Backtick quotes are now tokenized. More tests and pytest fixtures

pandas-dev · jreback · Mar 20, 2019 · Jan 26, 2019 · Jan 26, 2019 · Feb 15, 2019
commit bfebb9dc690c2e7a60d12c20c2938eae46dc0953
diff --git a/pandas/core/computation/common.py b/pandas/core/computation/common.py
@@ -1,10 +1,14 @@
 import numpy as np
 
-from pandas.compat import reduce
+from pandas.compat import reduce, string_types
 
 import pandas as pd
 
 
+# A token value Python's tokenizer probably will never use.
+_BACKTICK_QUOTED_STRING = 100
+
+
 def _ensure_decoded(s):
     """ if we have bytes, decode them to unicode """
     if isinstance(s, (np.bytes_, bytes)):
@@ -22,5 +26,13 @@ def _result_type_many(*arrays_and_dtypes):
         return reduce(np.result_type, arrays_and_dtypes)
 
 
+def clean_column_name_with_spaces(name):
+    """Check if name contains any spaces, if it contains any spaces
+    the spaces will be removed and an underscore suffix is added."""
+    if not isinstance(name, string_types) or " " not in name:
+        return name
+    return "_BACKTICK_QUOTED_STRING_" + name.replace(" ", "_")
+
+
 class NameResolutionError(NameError):
     pass
diff --git a/pandas/core/computation/expr.py b/pandas/core/computation/expr.py
@@ -3,6 +3,8 @@
 
 import ast
 from functools import partial
+import itertools as it
+import operator as op
 import tokenize
 
 import numpy as np
@@ -13,6 +15,8 @@
 from pandas import compat
 from pandas.core import common as com
 from pandas.core.base import StringMixin
+from pandas.core.computation.common import (
+    _BACKTICK_QUOTED_STRING, clean_column_name_with_spaces)
 from pandas.core.computation.ops import (
     _LOCAL_TAG, BinOp, Constant, Div, FuncNode, Op, Term, UnaryOp,
     UndefinedVariableError, _arith_ops_syms, _bool_ops_syms, _cmp_ops_syms,
@@ -31,7 +35,13 @@ def tokenize_string(source):
         A Python source code string
     """
     line_reader = StringIO(source).readline
-    for toknum, tokval, _, _, _ in tokenize.generate_tokens(line_reader):
+    token_generator = tokenize.generate_tokens(line_reader)
+    for toknum, tokval, _, _, _ in token_generator:
+        if tokval == '`':
+            tokval = " ".join(it.takewhile(
+                lambda tokval: tokval != '`',
+                map(op.itemgetter(1), token_generator)))
+            toknum = _BACKTICK_QUOTED_STRING
         yield toknum, tokval
 
 
@@ -102,6 +112,30 @@ def _replace_locals(tok):
     return toknum, tokval
 
 
+def _clean_spaces_backtick_quoted_names(tok):
+    """Clean up a column name if surrounded by backticks.
+
+    Backtick quoted string are indicated by a certain tokval value.
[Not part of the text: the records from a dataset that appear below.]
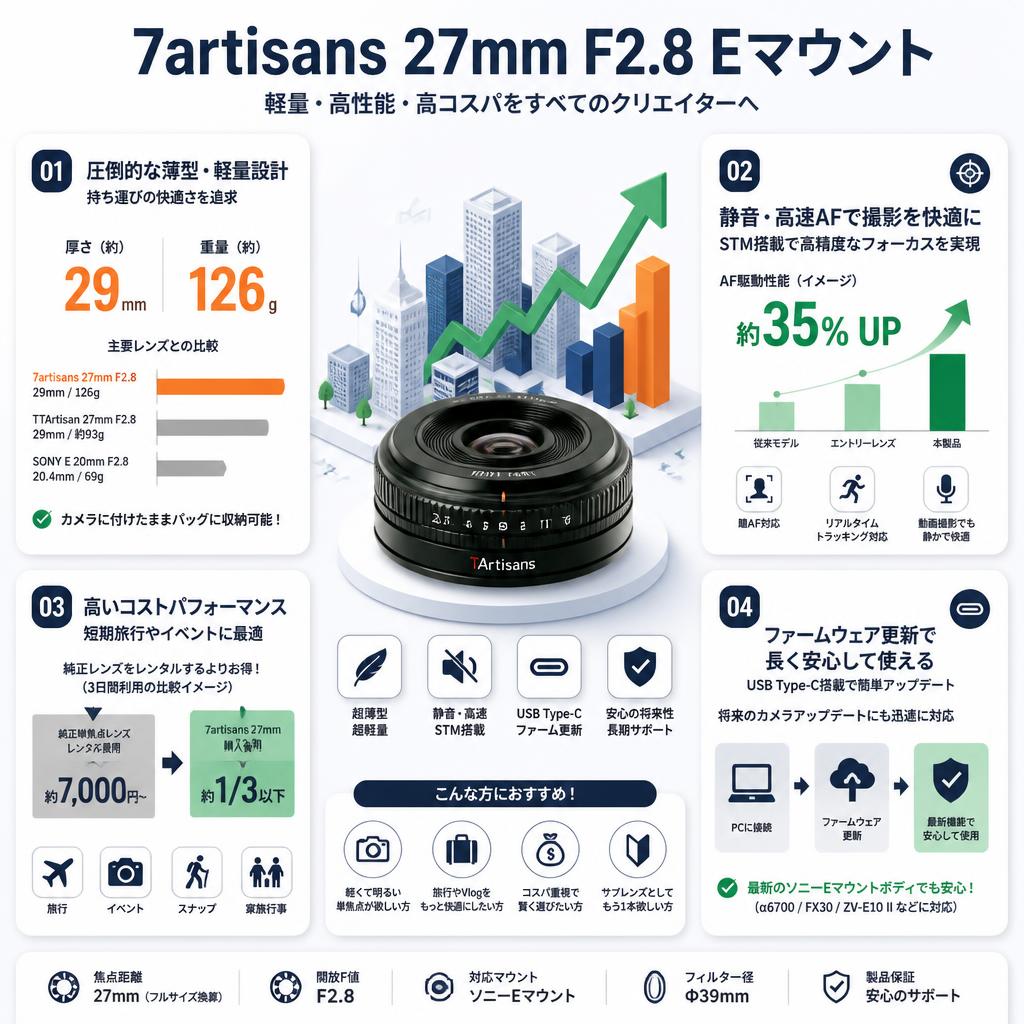 7artisans 27mm F2.8  Eマウント セールスポイント
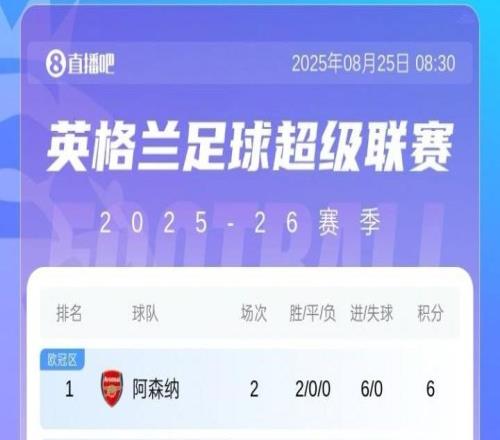 不陪你玩了上赛季第15曼联2轮1分第16第17热刺开局连胜0失球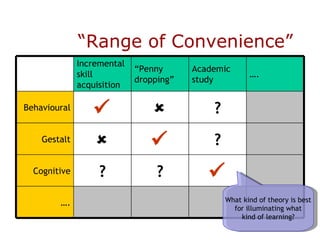 “ Range of Convenience” What kind of theory is best for illuminating what kind of learning? Incremental skill acquisition “ Penny dropping” Academic study … . Behavioural   ? Gestalt   ? Cognitive ? ?  … . 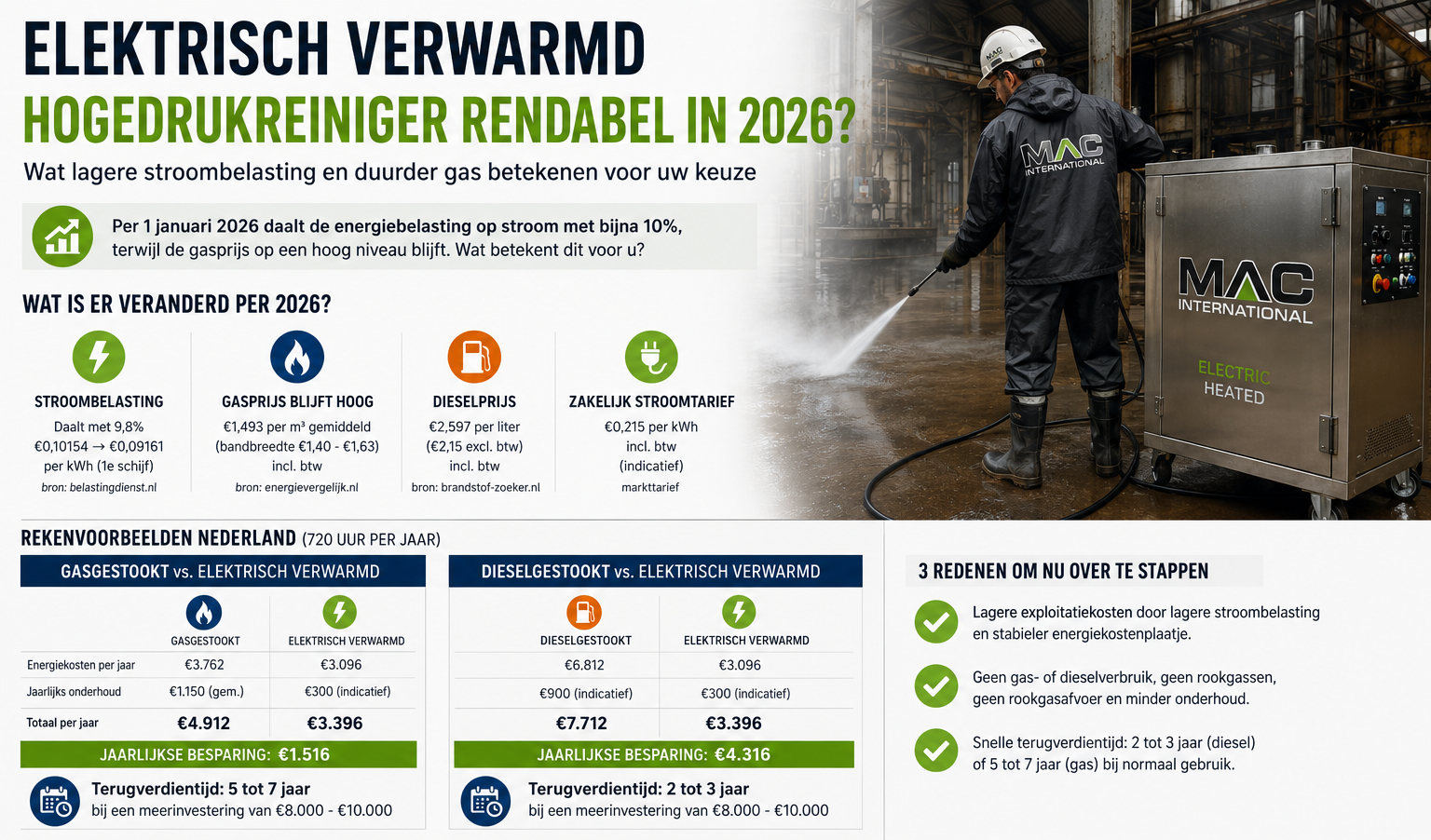 Elektrisch verwarmde hogedrukreiniger rendabel in 2026?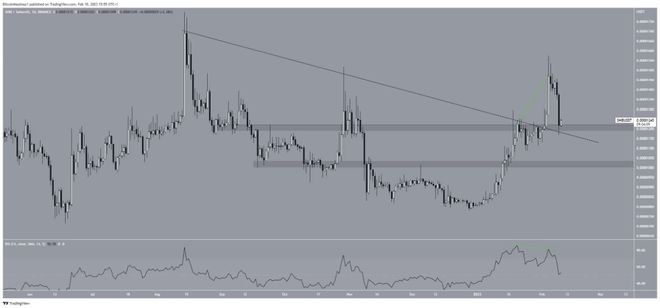
      柴犬 (SHIB) 价格下跌 23%  但多头是否在等待踩踏？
If a string
+    is a backtick quoted token it will processed by
+    :func:`clean_column_name_with_spaces` so that the parser can find this
+    string when the query is executed. See also :meth:`DataFrame.eval`.
+
+    Parameters
+    ----------
+    tok : tuple of int, str
+        ints correspond to the all caps constants in the tokenize module
+
+    Returns
+    -------
+    t : tuple of int, str
+        Either the input or token or the replacement values
+    """
+    toknum, tokval = tok
+    if toknum == _BACKTICK_QUOTED_STRING:
+        return tokenize.NAME, clean_column_name_with_spaces(tokval)
+    return toknum, tokval
+
+
 def _compose2(f, g):
     """Compose 2 callables"""
     return lambda *args, **kwargs: f(g(*args, **kwargs))
@@ -114,7 +148,8 @@ def _compose(*funcs):
 
 
 def _preparse(source, f=_compose(_replace_locals, _replace_booleans,
-                                 _rewrite_assign)):
+                                 _rewrite_assign,
+                                 _clean_spaces_backtick_quoted_names)):
     """Compose a collection of tokenization functions
 
     Parameters
@@ -711,8 +746,9 @@ def visitor(x, y):
 class PandasExprVisitor(BaseExprVisitor):
 
     def __init__(self, env, engine, parser,
-                 preparser=partial(_preparse, f=_compose(_replace_locals,
-                                                         _replace_booleans))):
+                 preparser=partial(_preparse, f=_compose(
+                     _replace_locals, _replace_booleans,
+                     _clean_spaces_backtick_quoted_names))):
         super(PandasExprVisitor, self).__init__(env, engine, parser, preparser)
 
 

diff --git a/pandas/core/frame.py b/pandas/core/frame.py
@@ -36,6 +36,7 @@
                            PY36, raise_with_traceback,
                            string_and_binary_types)
 from pandas.compat.numpy import function as nv
+from pandas.core.computation.common import clean_column_name_with_spaces
 from pandas.core.dtypes.cast import (
     maybe_upcast,
     cast_scalar_to_array,
@@ -3160,7 +3161,13 @@ def eval(self, expr, inplace=False, **kwargs):
         kwargs['level'] = kwargs.pop('level', 0) + 1
         if resolvers is None:
             index_resolvers = self._get_index_resolvers()
-            resolvers = dict(self.iteritems()), index_resolvers
+            # column names with spaces are altered so that they can be referred
+            # to by backtick quoting.
+            # Also see _clean_spaces_backtick_quoted_names from
+            # pandas/core/computation/expr.py
+            column_resolvers = {clean_column_name_with_spaces(k): v
+                                for k, v in self.iteritems()}
+            resolvers = column_resolvers, index_resolvers
         if 'target' not in kwargs:
             kwargs['target'] = self
         kwargs['resolvers'] = kwargs.get('resolvers', ()) + tuple(resolvers)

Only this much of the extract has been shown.